Finkelstein & Partners, LLP, Newburgh, NY (Lawrence D. Lissauer of counsel), for plaintiffs-respondents.



DECISION & ORDER

In an action to recover damages for personal injuries, the third-party defendant appeals from an order of the Supreme Court, Orange County (Elaine Slobod, J.), dated December 18, 2017. The order, insofar as appealed from, denied that branch of its motion which was pursuant to CPLR 2104 to enforce a stipulation of settlement.

ORDERED that the order is reversed insofar as appealed from, on the law, with costs, and that branch of the third-party defendant's motion which was pursuant to CPLR 2104 to enforce the stipulation of settlement is granted.

The plaintiff John Lenge (hereinafter the plaintiff) allegedly was injured while working on a construction project at the Palisades Mall when he tripped and fell over a pallet at or near the service entrance on the second floor. At the time of the accident, the plaintiff was employed by Anzek Construction Corp. (hereinafter Anzek).

The plaintiff, and his wife suing derivatively, commenced this action against Eklecco Newco, LLC (hereinafter Eklecco Newco), Pyramid Companies, American Eagle Outfitters, Inc., and Cahill Construction Company to recover damages for personal injuries, asserting causes of action alleging a violation of Labor Law § 241(6) and common-law negligence. Thereafter, Cahill Construction Company commenced a third-party action against Anzek.

Prior to jury selection, on the first day of trial, the plaintiffs' counsel stated on the record in open court that the parties agreed "to fully and completely settle the matter" for the sum of $325,000. Defense counsel then indicated on the record that the stipulation of settlement was agreed upon, and stated the sum that each defendant would contribute toward the total settlement amount. Additional terms of the settlement were then placed on the record with all parties and their respective attorneys participating. Notably, the plaintiffs' counsel and the plaintiffs all acknowledged on the record the possibility of establishing a Medicare set-aside, and the plaintiffs confirmed that they would "take care of the issues with regard to Medicare should they exist." The plaintiffs' counsel also acknowledged on the record the existence of a workers' compensation lien. [*2]Subsequent thereto, the plaintiffs' counsel sent a letter to the Supreme Court and all counsel, stating that the stipulation of settlement was "null and void" on the ground that the plaintiffs had "not received an agreed upon workman's compensation written consent."

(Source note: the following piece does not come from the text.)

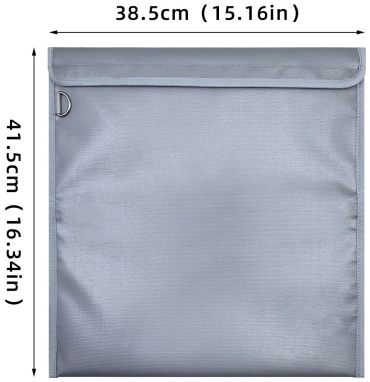 Чехол 30169004_415692073 до 15" серый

Anzek moved, inter alia, pursuant to CPLR 2104 to enforce the stipulation of settlement. Eklecco Newco and Pyramid Companies joined Anzek's motion, and Cahill Construction Company and American Eagle Outfitters, Inc., "cross-moved" for the same relief. The plaintiffs cross-moved, inter alia, for an "order seeking nunc pro tunc approval of a purported settlement agreement' pursuant to § 29 of the [Workers' Compensation] Law." In an order dated December 18, 2017, the Supreme Court denied the motion and the cross motions, concluding that "no binding settlement was ever reached." Anzek appeals from so much of the order as denied that branch of its motion which was to enforce the stipulation of settlement.

The Supreme Court should have granted that branch of Anzek's motion which was to enforce the stipulation of settlement. " [A]n open-court stipulation is an independent contract between the parties . . . and will be enforced according to its terms unless there is proof or fraud, duress, overreaching, or unconscionability'" (Chan v Barry, 36 AD3d 579, 579, quoting Jablonski v Jablonski, 275 AD2d 692, 693). " [E]ven a stipulation which was improvident will not be set aside unless it is manifestly unfair or unconsconiable'" (Shuler v Dupree, 14 AD3d 548, 549, quoting Cavalli v Cavalli, 226 AD2d 666, 667). The plaintiffs failed to show that the stipulation of settlement was the product of fraud, collusion, mistake, or accident (see DeBlasi v City of New York, 157 AD3d 656; Rivera v State of New York, 115 AD2d 431). The fact that the plaintiffs are unsatisfied with the amount they will receive after payment of the workers' compensation lien and the establishment of a Medicare set-aside does not constitute a sufficient ground to invalidate the settlement.

RIVERA, J.P., CHAMBERS, COHEN and IANNACCI, JJ., concur.